▸ Supplied material:
..............................
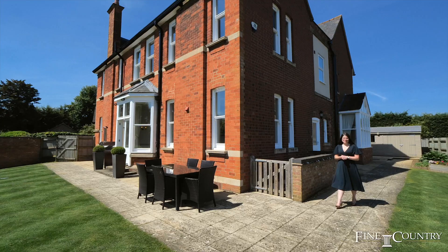Thank you for joining me on the tour of this incredible family home. For any more information, or if you'd like to book your exclusive viewing, please contact me on the details that are about to follow. Thank you so much.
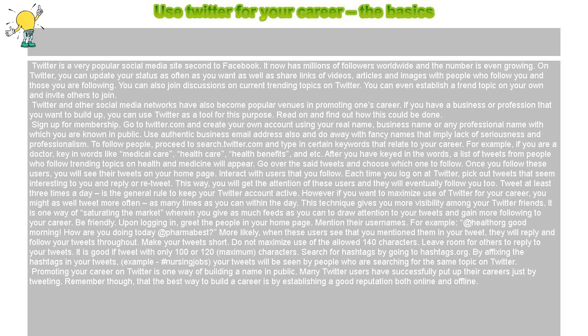Promoting your career on Twitter is one way of building a name in public. Many Twitter users have successfully built up their careers just by tweeting. Remember, though, that the best way to build a career is by establishing a good reputation both online and offline.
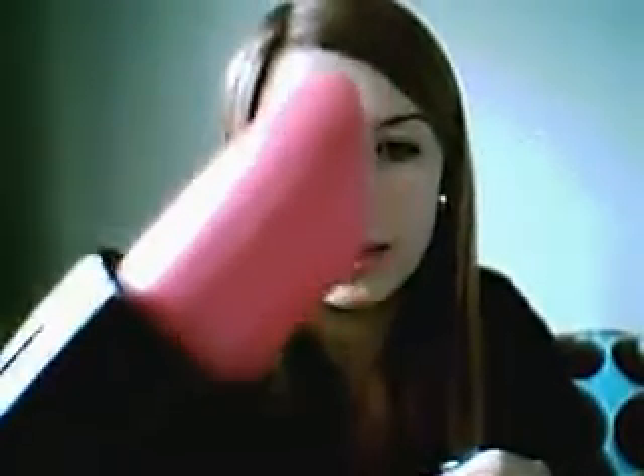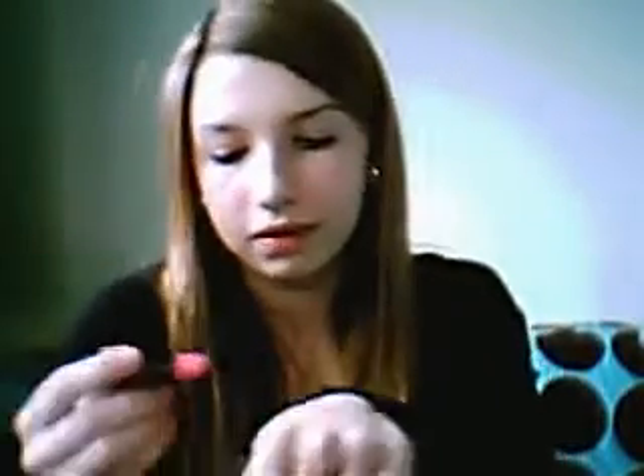Next is this lipstick which I got in a makeup set that I got for Christmas from my nan and grandad. And it's just this really nice Barbie pink. I'm going to swatch it — looks like that. I really like that. It's quite glossy as well.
..............................
▸ What is needed: Set aside the pictures. Then return every line of the material above verbatim.

▸ Exercise result:
Thank you for joining me on the tour of this incredible family home. For any more information, or if you'd like to book your exclusive viewing, please contact me on the details that are about to follow. Thank you so much.
Promoting your career on Twitter is one way of building a name in public. Many Twitter users have successfully built up their careers just by tweeting. Remember, though, that the best way to build a career is by establishing a good reputation both online and offline.
Next is this lipstick which I got in a makeup set that I got for Christmas from my nan and grandad. And it's just this really nice Barbie pink. I'm going to swatch it — looks like that. I really like that. It's quite glossy as well.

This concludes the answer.